Rimango attonito, senza fiato, con le labbra semiaperte, il battito del cuore regolare che mi rimbomba nel petto e nella testa. Una ragazza. È una ragazza cristo. Impossibile, nessuna ragazza avrebbe mai fatto a botte con quella montagna di Klaus, nessuna ragazza avrebbe mai fatto a botte in generale!
Ma che c'entra, questa non è la cosa importante. Come ho potuto non accorgermene? Forse è l'abbigliamento, i capelli nascosti sotto il berretto, il viso pulito, senza trucco. Non capisco. Qualcosa che non mi tornava c'era e i suoi occhi mi avevano parlato certamente, ma in una lingua che non conosco. Forse proprio per questo avrei dovuto capire. I suoi occhi mi parlano anche ora mentre io sono immobile come uno stupido.
Ma non è neanche questa la cosa più importante, idiota che non sono altro! È il legame, lo sento, lo schivo. Un nesso sottile, invisibile, ma percepibile, qualcosa che mi ha fatto capire che dovevo andare via. Dio non l'ho fatto! Niente legami Tom, niente legami! È la prima regola! Devo spezzare quel filo che inspiegabilmente mi lega a lei, devo troncare subito. «Hey?! Quantomeno vorrei sapere il tuo nome!» la sua espressione ora è divertita e io mi scuoto dai pensieri stupidi che mi affollano la testa «Si scusa pensavo ad altro, Tom, mi chiamo Tom» stringo la sua mano sospesa davanti a me, la stretta è salda e lunga. «Da quanto tempo suoni?

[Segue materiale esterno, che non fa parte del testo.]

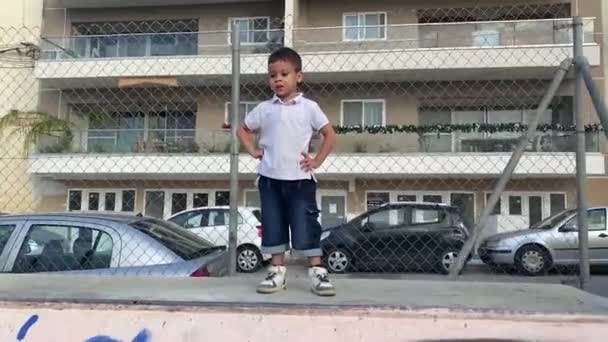 Cute Boy Posing Ramp Skate Park High Quality Fullhd Footage — Vídeos de Stock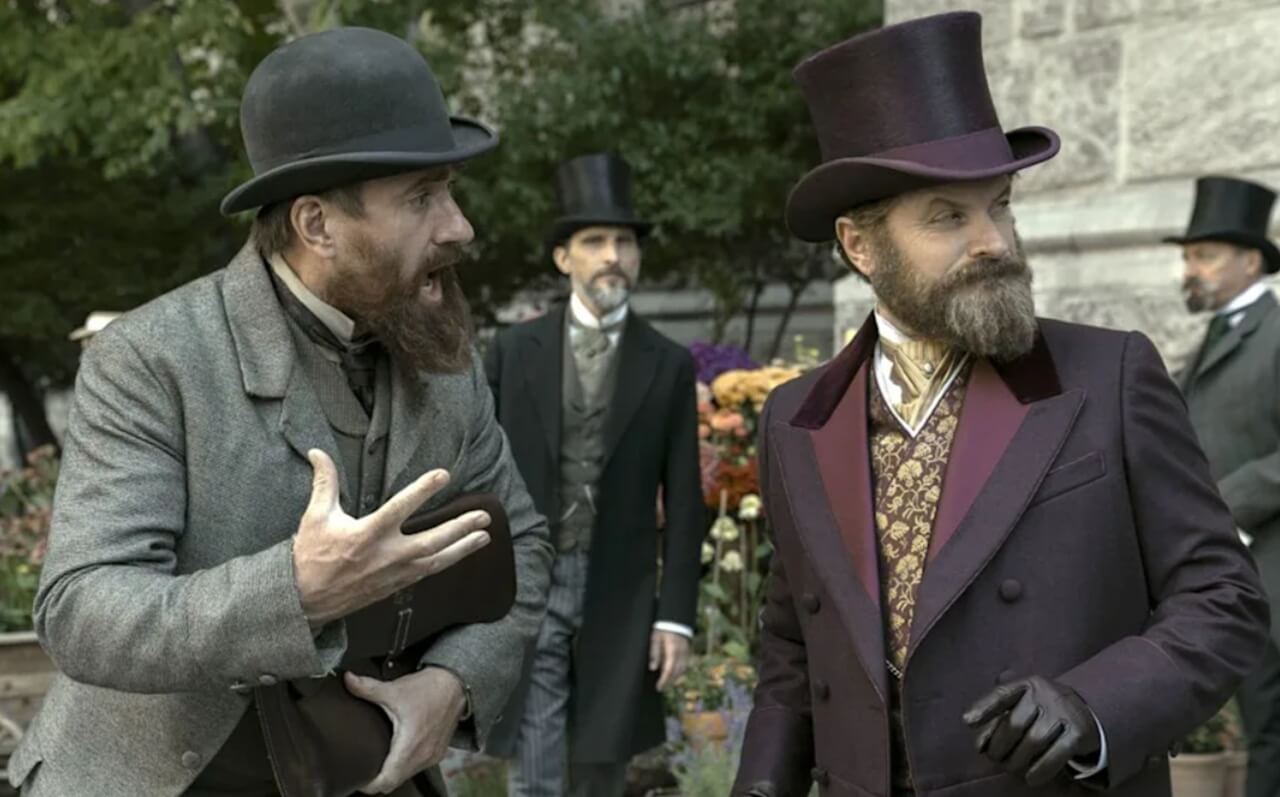 Michael Shannon as President James Garfield and Matthew Macfadyen as Charles Guiteau in Netflix’s Death by Lightning.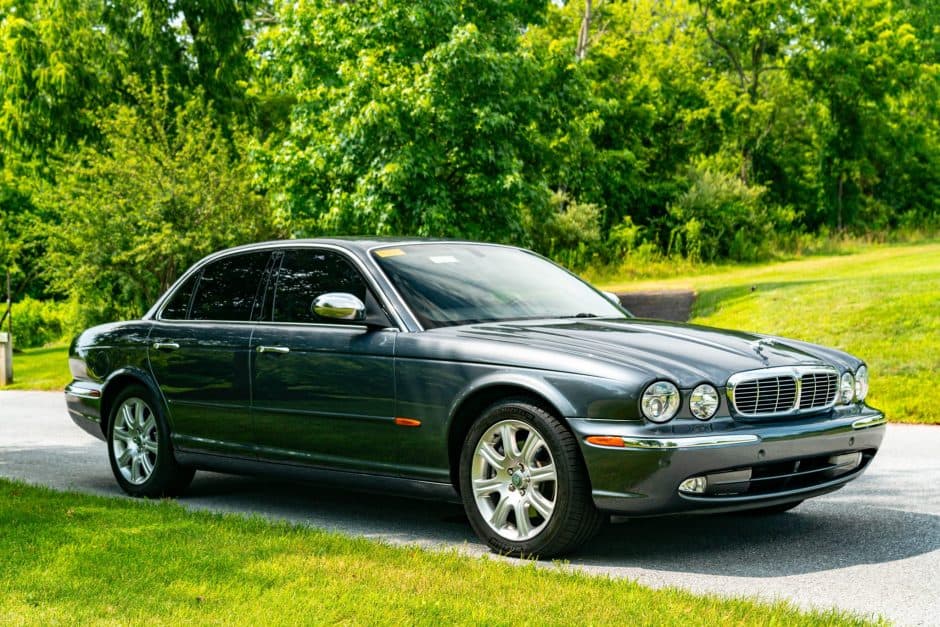 2004 Jaguar X350/X356/X358 XJ (2004-2009) sold for $14,500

Amo la musica ma a suonarla non sono davvero capace, mi suoneresti qualcosa?» mi guarda come se fossi la persona più importante al mondo, come se ogni momento dovesse essere vissuto e spremuto fino alla fine prima che fugga via «Ehm, io suono da sempre, insomma da quando mi ricordo ho sempre suonato» sistemo il cappello dietro la nuca e subito dopo la visiera, sono a disagio, non so se voglio rimanere ancora qui. «Posso?» mi chiede tirando un sorriso e indicando la chitarra che avevo in mano, non faccio nemmeno in tempo a rispondere che lei si siede a terra e impugna la chitarra improvvisando. In un attimo sono a fianco a lei e le spiego come tenere le braccia, come posizionare le mani e come suonare un paio di note. «Accidenti è difficile, te l'ho detto che non sono brava, suona tu» di nuovo gli occhi, dal disegno delicato, grandi, con le iridi dipinte di intricati arabeschi, puntati sull'imbarazzo celato dei miei «Per favore!».

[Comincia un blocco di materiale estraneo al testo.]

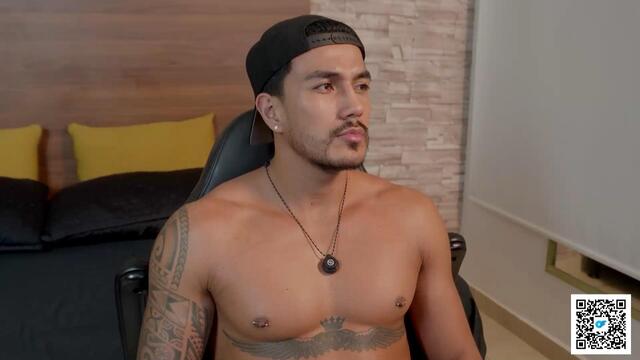 aron-bolt (Flirt4Free): fotod ja profiil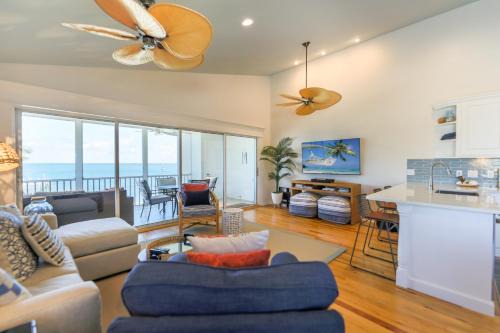 Captiva Hide A Way 2D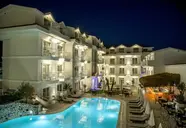 Montebello Deluxe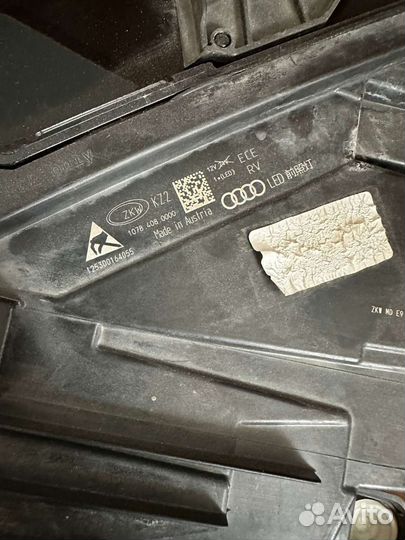 Фара правая Audi Q8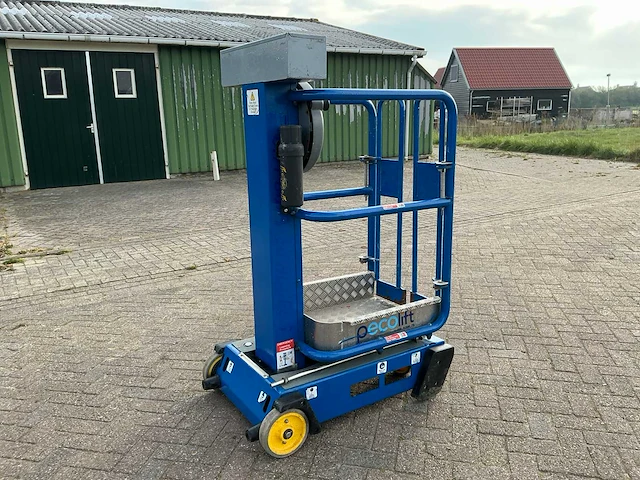 2013 jlg pecolift hoogwerker - afbeelding 1 van  9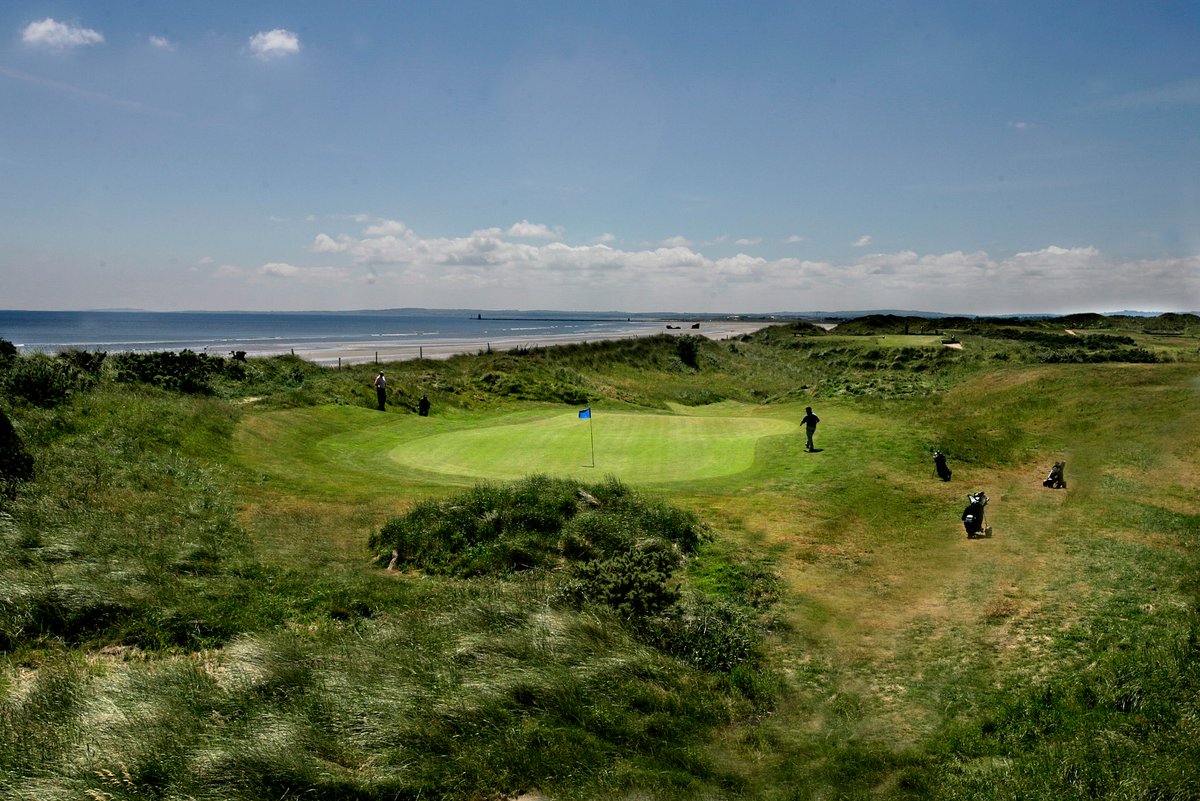 FairwaysFundays's tweet photo. More unforgettable fairways await⛳

The @chasingscratch0 tour is almost here, and the journey continues across some of Ireland's finest golf courses.

Featuring:

@JamesonGolfLink 
@SeapointGolf  
@CartonHouseGolf 

 An unforgettable Irish golf experience. https://t.co/79M0LGvudT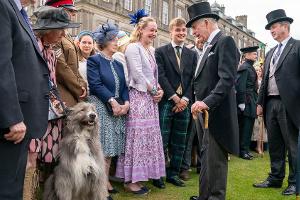 König Charles III. empfängt 8.000 Schotten zu Gartenparty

Acconsento, delicatamente prendo la chitarra e mi concentro solo su di lei. Il legno chiaro mi calma, le corde tirate sono come una calamita per le mie mani che appena vi si posano smettono di tremare. Inizio a suonare e Ari mi fissa incantata, poi pian piano si lascia andare e chiude gli occhi mentre io mi perdo nella mia musica: torno ad uno stato di pensiero in cui il linguaggio sono le note e le emozioni si esprimono davvero, senza bisogno di spiegarle, sono nudo.

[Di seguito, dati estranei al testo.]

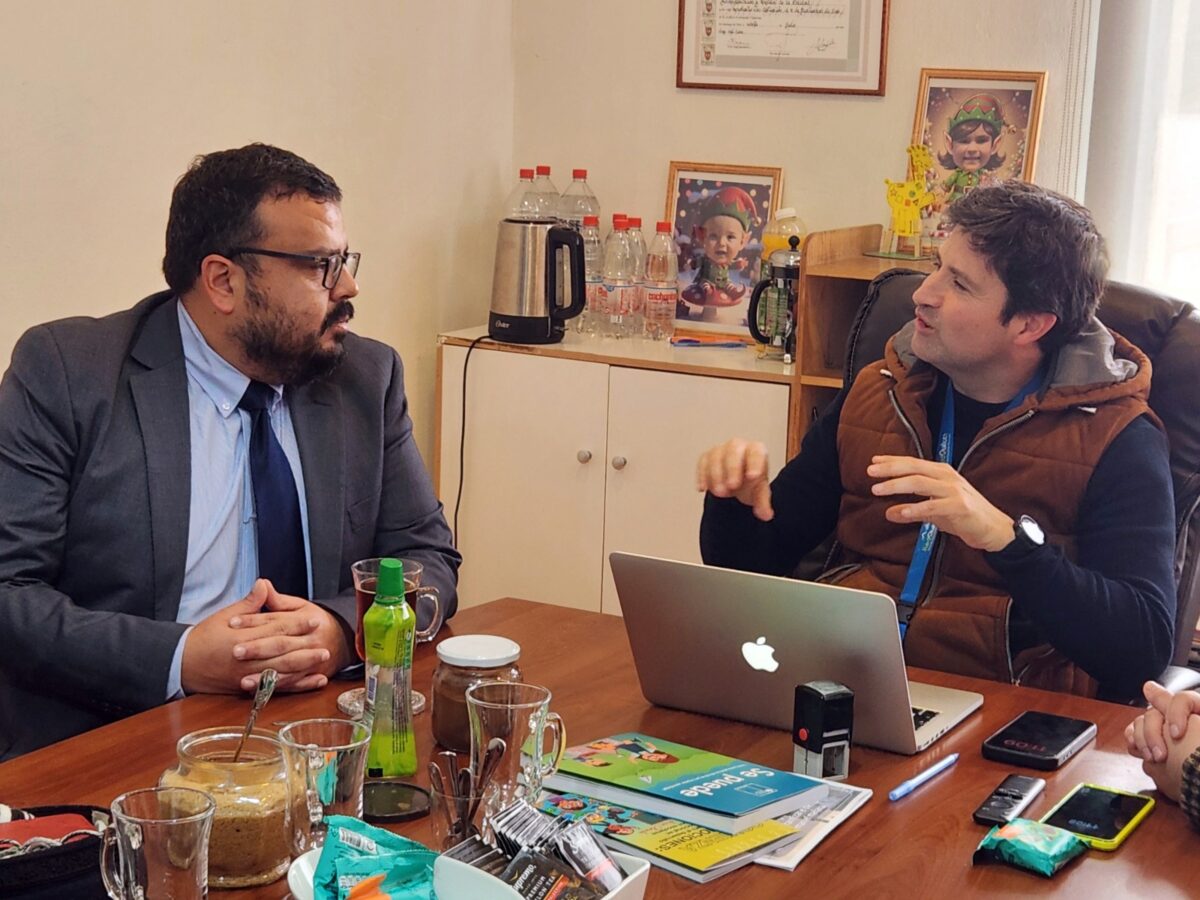 Gonzalo Vicencio Vergara y Marco Berenguela conversando durante la reunión protocolar.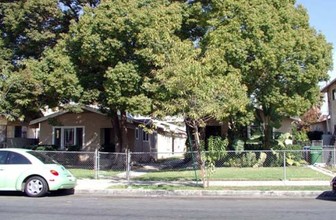 207 N Ave 54 in Los Angeles, CA - Foto de edificio - Building Photo
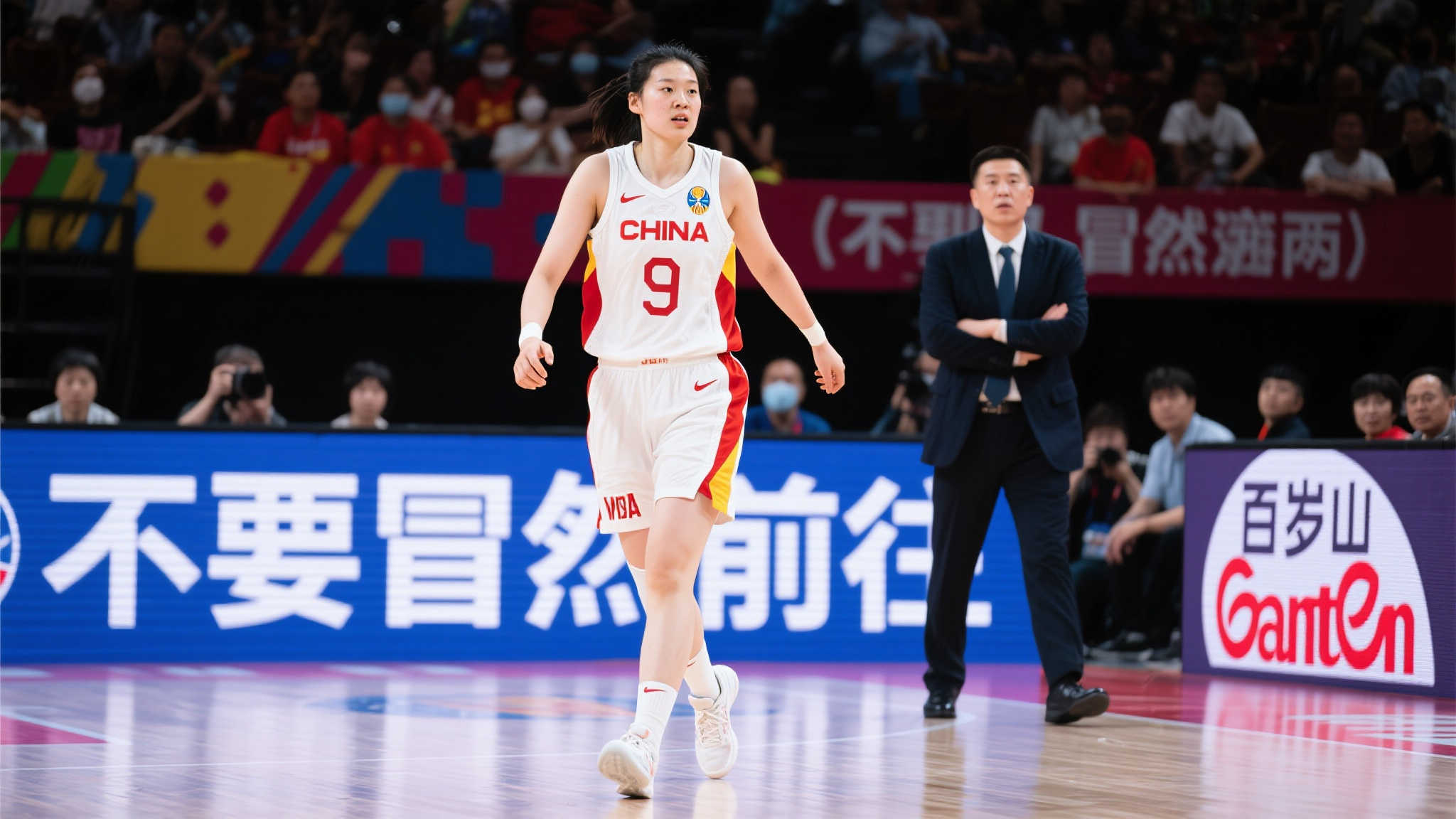 张子宇计划进军WNBA,杨毅及多位媒体人建议三思而后行。 张子宇计划进军WNBA,杨毅及多位媒体人建议三思而后行。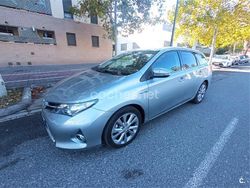Gris / plata Usado 2014 Toyota Auris Hybrid Advance Familiar | 13.999 € (Precio justo)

Finisce il pezzo, riapro gli occhi, tornando alla realtà di tutti i giorni piena di finzioni e di maschere, richiudendo me stesso in un cassetto. Ari è ancora ad occhi chiusi, si è tolta il cappello e ora mostra un caschetto castano scuro poco sopra delle spalle, le braccia incrociate posate sopra le ginocchia, il respiro leggermente accelerato. La fisso in silenzio, mentre combatto con me stesso, mi piace, si vede, ma non è come le altre, non è una botta e via. Per questo non posso, il mio corpo si irrigidisce, ho i muscoli in tensione, le mani nervose. Poso la chitarra a terra «È stato bellissimo» sussurra dischiudendo gli occhi, io sussulto e mi giro di scatto verso di lei.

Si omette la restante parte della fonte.